__AIM OF THE TASK__. A complete answer lists every line of the entries below where the string "Used" appears.

[Data extracted from a collection]

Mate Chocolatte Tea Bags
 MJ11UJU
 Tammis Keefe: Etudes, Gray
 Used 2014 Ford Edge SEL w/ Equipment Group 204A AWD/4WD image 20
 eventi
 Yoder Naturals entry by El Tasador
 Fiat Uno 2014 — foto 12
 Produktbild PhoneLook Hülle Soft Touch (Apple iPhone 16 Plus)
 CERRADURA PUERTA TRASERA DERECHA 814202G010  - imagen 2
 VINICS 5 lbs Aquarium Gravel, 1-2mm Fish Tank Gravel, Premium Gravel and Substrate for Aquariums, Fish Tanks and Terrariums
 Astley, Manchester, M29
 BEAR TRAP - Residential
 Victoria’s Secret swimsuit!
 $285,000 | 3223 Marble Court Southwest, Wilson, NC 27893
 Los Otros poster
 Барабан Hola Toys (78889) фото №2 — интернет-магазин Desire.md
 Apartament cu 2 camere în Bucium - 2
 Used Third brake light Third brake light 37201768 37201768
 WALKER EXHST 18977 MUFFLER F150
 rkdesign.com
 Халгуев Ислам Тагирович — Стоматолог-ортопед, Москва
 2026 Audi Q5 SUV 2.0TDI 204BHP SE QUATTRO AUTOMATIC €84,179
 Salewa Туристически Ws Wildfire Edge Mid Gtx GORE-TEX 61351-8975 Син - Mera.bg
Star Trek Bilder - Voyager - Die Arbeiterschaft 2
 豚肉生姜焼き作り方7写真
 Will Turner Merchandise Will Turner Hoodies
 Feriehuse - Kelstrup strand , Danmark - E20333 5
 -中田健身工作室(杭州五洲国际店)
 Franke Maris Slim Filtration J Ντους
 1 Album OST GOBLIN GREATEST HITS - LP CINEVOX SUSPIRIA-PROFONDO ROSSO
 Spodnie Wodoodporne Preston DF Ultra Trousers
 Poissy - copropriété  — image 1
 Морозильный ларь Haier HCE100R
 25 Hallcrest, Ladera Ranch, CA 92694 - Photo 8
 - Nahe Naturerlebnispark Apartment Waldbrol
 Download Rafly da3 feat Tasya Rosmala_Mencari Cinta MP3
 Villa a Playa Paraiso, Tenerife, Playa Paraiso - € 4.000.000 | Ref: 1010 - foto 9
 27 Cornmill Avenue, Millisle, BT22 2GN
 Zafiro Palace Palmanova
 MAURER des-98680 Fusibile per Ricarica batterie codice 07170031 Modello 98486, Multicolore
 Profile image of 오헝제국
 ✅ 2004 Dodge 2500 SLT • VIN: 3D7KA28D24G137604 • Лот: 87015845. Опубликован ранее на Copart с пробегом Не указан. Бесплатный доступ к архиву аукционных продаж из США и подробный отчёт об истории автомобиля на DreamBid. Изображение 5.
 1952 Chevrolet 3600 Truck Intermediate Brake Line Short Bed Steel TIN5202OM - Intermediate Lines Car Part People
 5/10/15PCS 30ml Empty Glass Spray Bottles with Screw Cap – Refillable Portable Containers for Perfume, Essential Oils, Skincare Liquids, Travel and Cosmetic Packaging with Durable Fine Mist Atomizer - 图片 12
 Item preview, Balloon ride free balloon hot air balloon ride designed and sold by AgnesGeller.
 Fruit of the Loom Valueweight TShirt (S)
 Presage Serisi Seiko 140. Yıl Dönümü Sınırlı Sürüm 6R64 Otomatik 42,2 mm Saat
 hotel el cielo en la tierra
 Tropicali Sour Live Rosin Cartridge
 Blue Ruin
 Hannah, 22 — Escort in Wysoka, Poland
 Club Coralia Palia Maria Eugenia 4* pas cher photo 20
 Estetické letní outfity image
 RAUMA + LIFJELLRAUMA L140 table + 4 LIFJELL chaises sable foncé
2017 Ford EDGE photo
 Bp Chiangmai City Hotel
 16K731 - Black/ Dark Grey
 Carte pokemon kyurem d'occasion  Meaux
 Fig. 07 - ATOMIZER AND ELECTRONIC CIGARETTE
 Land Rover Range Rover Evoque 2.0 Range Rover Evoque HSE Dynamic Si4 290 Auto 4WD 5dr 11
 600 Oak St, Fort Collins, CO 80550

__ANSWER TO THE PROBLEM__.
 Used 2014 Ford Edge SEL w/ Equipment Group 204A AWD/4WD image 20
 Used Third brake light Third brake light 37201768 37201768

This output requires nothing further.